Sunday, December 2, 2012

The Beast

(Continued)


We got out at a dusty, nowhere junction outside Bahia Blanca and when, after not very long, another 50's Mercedes truck (like Luka's from two days earlier) with a big, round blue and white face came along I said:
"If a truck could be cute, then that's cute"

Usefully it stopped and Julio, a proper dude, took us to the fantastically named Hilario Ascasubi along with his 10-ball gearknob, giant handgun crucifix and extensive knife collection stuck into every surface of the cab.
We found a great camping spot relatively close to the road, but somehow invisible from it, at one corner of a wood.
I had finished the chess set which I'd been carving the past three nights, so after dinner on the hobo stove we had our first game of chess - followed by my first wild poo of the trip.

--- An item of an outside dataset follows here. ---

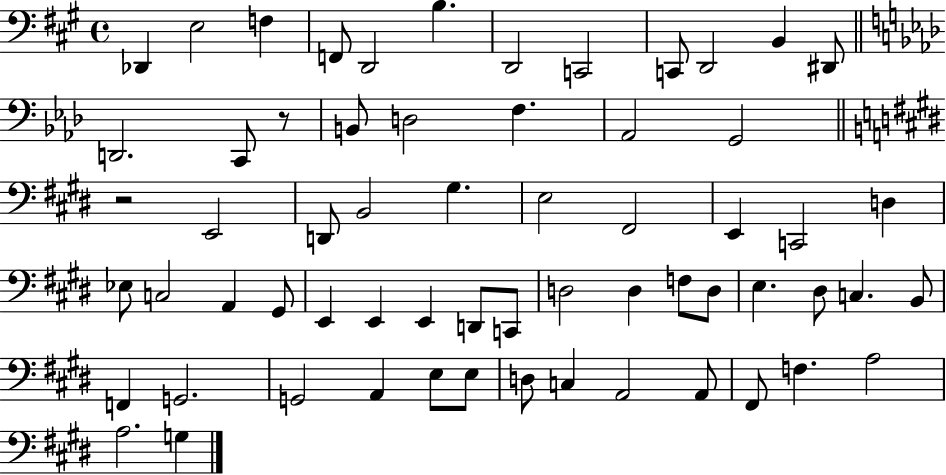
Db2/q E3/h F3/q F2/e D2/h B3/q. D2/h C2/h C2/e D2/h B2/q D#2/e D2/h. C2/e R/e B2/e D3/h F3/q. Ab2/h G2/h R/h E2/h D2/e B2/h G#3/q. E3/h F#2/h E2/q C2/h D3/q Eb3/e C3/h A2/q G#2/e E2/q E2/q E2/q D2/e C2/e D3/h D3/q F3/e D3/e E3/q. D#3/e C3/q. B2/e F2/q G2/h. G2/h A2/q E3/e E3/e D3/e C3/q A2/h A2/e F#2/e F3/q. A3/h A3/h. G3/q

The stove had struggled as the wind had been blowing through the wood stronger than we'd expected - we tried to get an early night, but mosquitos and other freaky insects were non-stop once it was dark, and just when I was finally nearly drifting off an unusually persistent wild dog decided everyone on the continent should be informed of our presence.
None of the usual scare tactics were doing anything, and eventually after over an hour of constant, piercing barking he gave up.
After another hour or so thrashing and raging at a new wave of mosquitos an enormous noise came from the wood, probably fifty metres of so away.

It was like a demented cat being tortured through a megaphone, and Kev gently snored in reply.
Some minutes later the noise came again, twice as near.
My eyes were now fixed in the trees desperately and I spent who-knows-how-long staring at shadows and shapes in which I couldn't quite make out anything at all.
Just as I quietened my brain and shut my eyes a big tree branch snapped the tree I was sleeping next to and the noise of panicked breath and powerful claws scrabbling at bark settled into an uneasy silence.

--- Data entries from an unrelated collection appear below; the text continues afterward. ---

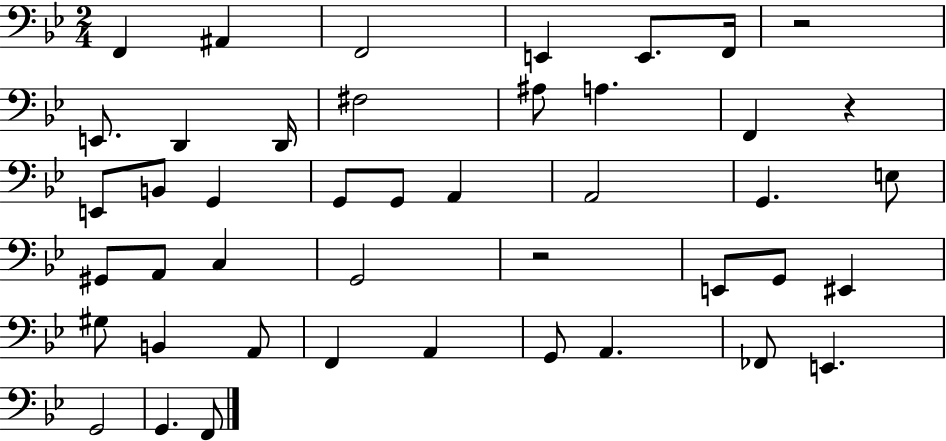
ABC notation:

X:1
T:Untitled
M:2/4
L:1/4
K:Bb
F,, ^A,, F,,2 E,, E,,/2 F,,/4 z2 E,,/2 D,, D,,/4 ^F,2 ^A,/2 A, F,, z E,,/2 B,,/2 G,, G,,/2 G,,/2 A,, A,,2 G,, E,/2 ^G,,/2 A,,/2 C, G,,2 z2 E,,/2 G,,/2 ^E,, ^G,/2 B,, A,,/2 F,, A,, G,,/2 A,, _F,,/2 E,, G,,2 G,, F,,/2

Kev had woken up and went for the clap and shout approach, which was met with the single biggest hissing noise I have ever heard from two metres above my head.
He pointed his torch up and two big eyes in front of a bulky form appeared - as he thrashed his light around I jumped out of my bag and flapped as I did a wild hobo growl.
It jumped straight to the floor and ran back into the wood away from us.

"What the fuck was that?"


Monday, December 3, 2012


I woke up the next day and the variety of insects which had been so friendly all night had he interesting side-effect of making my whole top lip treble size - I talked funny, ate funny and dribbled when I drank. Thanks nature.
The next day the hitches were becoming shorter and more difficult to get - In the morning we got a lift with Mario and Lorenzo, a father and son who'd been out job-hunting for Lorenzo and once our poor Spanish was exhausted Mario promptly pulled out a small selection of photos from the glovebox to admire.

It turns out wild Pumas are a threat to livestock in this area (and are present throughout rural Argentina), and the photos were of Mario proudly posing with a fearsomely muscular specimen as long as Mario is tall.
Kevin and I looked at each other and didn't need to say a word - we knew this was what had stalked us from the trees the previous night, and that it was only scuppered by a weak branch giving it's position away.